Given the current number of grouse-shooting estates serving General Licence restrictions after ‘clear evidence’ of wildlife crime was provided by Police Scotland: Leadhills Estate (here), Lochan Estate (here), Leadhills Estate [again] (here), Invercauld Estate (here), Moy Estate (here) and now Millden Estate (here), it’s clear that the Scottish Government’s proposed grouse-shoot licensing scheme can’t come soon enough.
There are strong rumours that the Wildlife Management (Grouse) Bill will be presented to the Scottish Parliament before Easter and many of us are eagerly awaiting its publication to see the details of what is proposed and, importantly, how it will be enforced.
One thing’s for sure, it will need to be a lot more robust than the General Licence restriction and any sanctions, which should hopefully include terminating an estate’s ability to continue gamebird shooting during a determined-sanction period, will need to be deployed a lot quicker than the time it takes for a General Licence restriction to be imposed (it’s taken four years for the GL restriction to be placed on Millden Estate).

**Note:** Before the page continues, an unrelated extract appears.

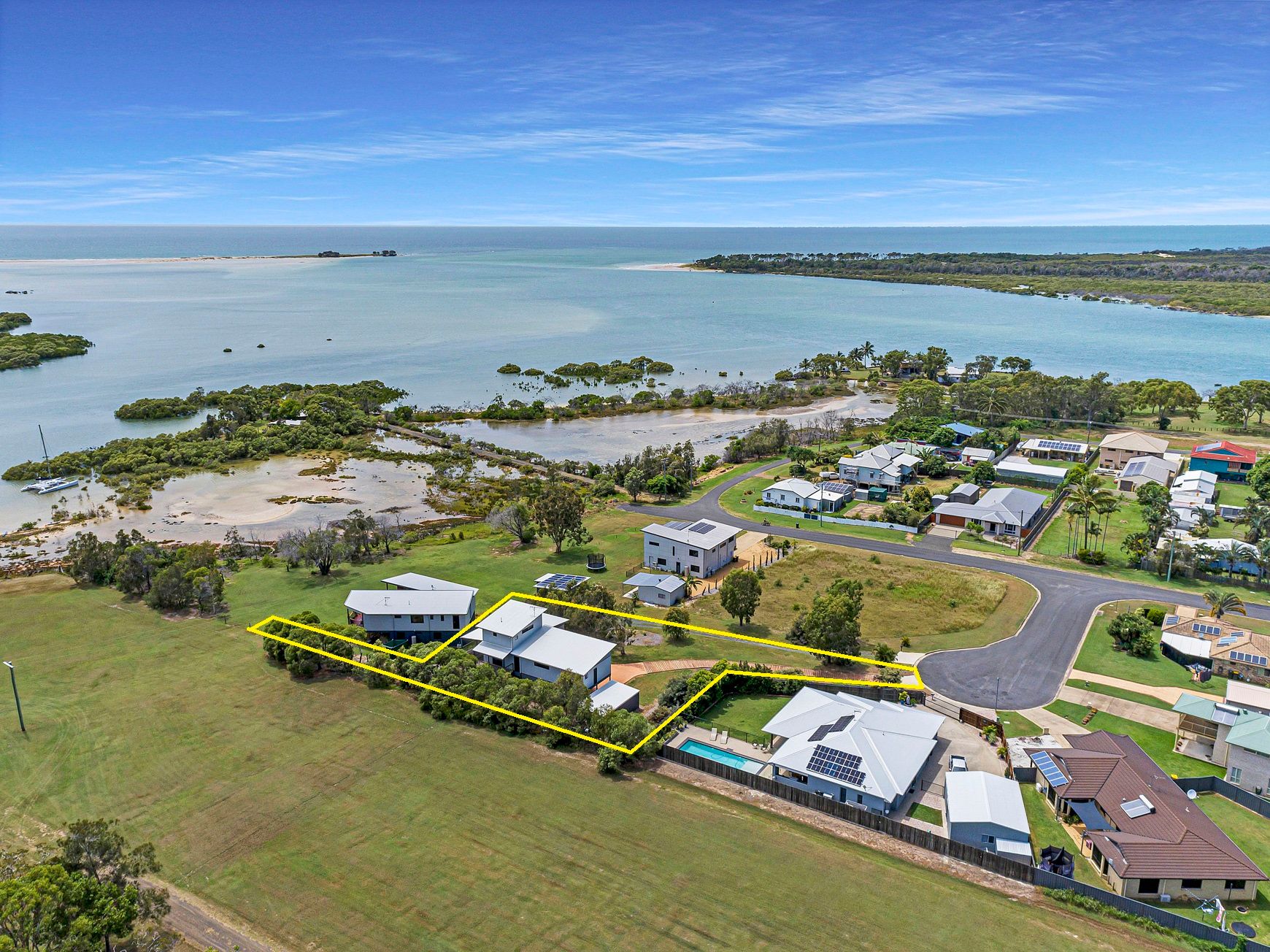 4 Margaret Court, Elliott Heads, QLD 4670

UPDATE 10th March 2023: Millden Estate says it will appeal General Licence restriction imposed after evidence of raptor persecution (here)

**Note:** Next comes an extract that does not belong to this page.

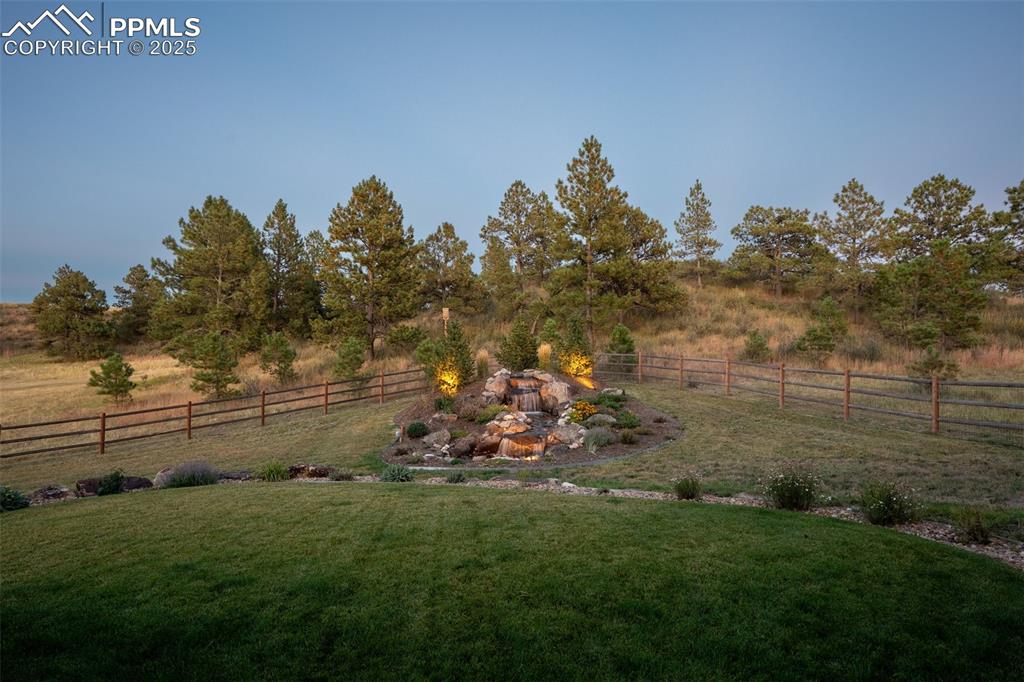 Image 22 of 50: Yard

12 thoughts on “Millden is yet another grouse-shooting estate to be sanctioned after police find evidence of raptor persecution”
The only answer, because they aren’t going to ban it, is commercial licensing which can be revoked on the basis of the civil law burden of proof: bankrupt the scum.
Thanks Ruth for your information once again.
It is sad that it takes so long to have these matters investigated and action taken. There is no doubt in my mind that we need to push NatureScot further and take away individual licences being issued to estates who have a general licence restriction placed on them. The present situation is a joke..
The fight goes on..
My God, that picture, those grinning faces. How the flying anything are such sick individuals even walking around being responsible for the horror they are part of. I am not of the same species as these things……
Whenever I see a photo of a “big bag” like this I always see in my mind’s eye a second “companion photo” alongside it – i.e. a photo of all the stuff that was killed (sorry, ‘controlled’) in the preceding months / years to make the first photo possible.
“It wasn’t clear where she’d been poisoned and the estate denied responsibility.”
Has there ever been a case where an estate has acknowledged responsibility for a raptor persecution incident? Silly question, I guess…
General Licence restrictions may be ineffectual but licencing of estates will only improve matters if the authorities are actually prepared to suspend licences when raptor persecution incidents are uncovered.
In the last few years it appears to me that all the laws enacted in Scotland, apparently designed to prevent wildlife crimes against raptors have been almost completely ineffective. One might almost believe that those framing the laws were deliberately writing them in such a manner that they would be almost useless. It would be a shame if any new laws put into effect in future were examined by someone who does not participate in fieldsports, and had some input before they are enacted. Perhaps that is too much to hope for, but I live in hope.
Surely what is needed s someone who DOES have knowledge of all the tricks of the trade involved in fieldsports to ensure that there are no loopholes to be exploited etc.. Whether anyone exists who would undertake this and report without bias is another matter. Like Alex, I live in hope.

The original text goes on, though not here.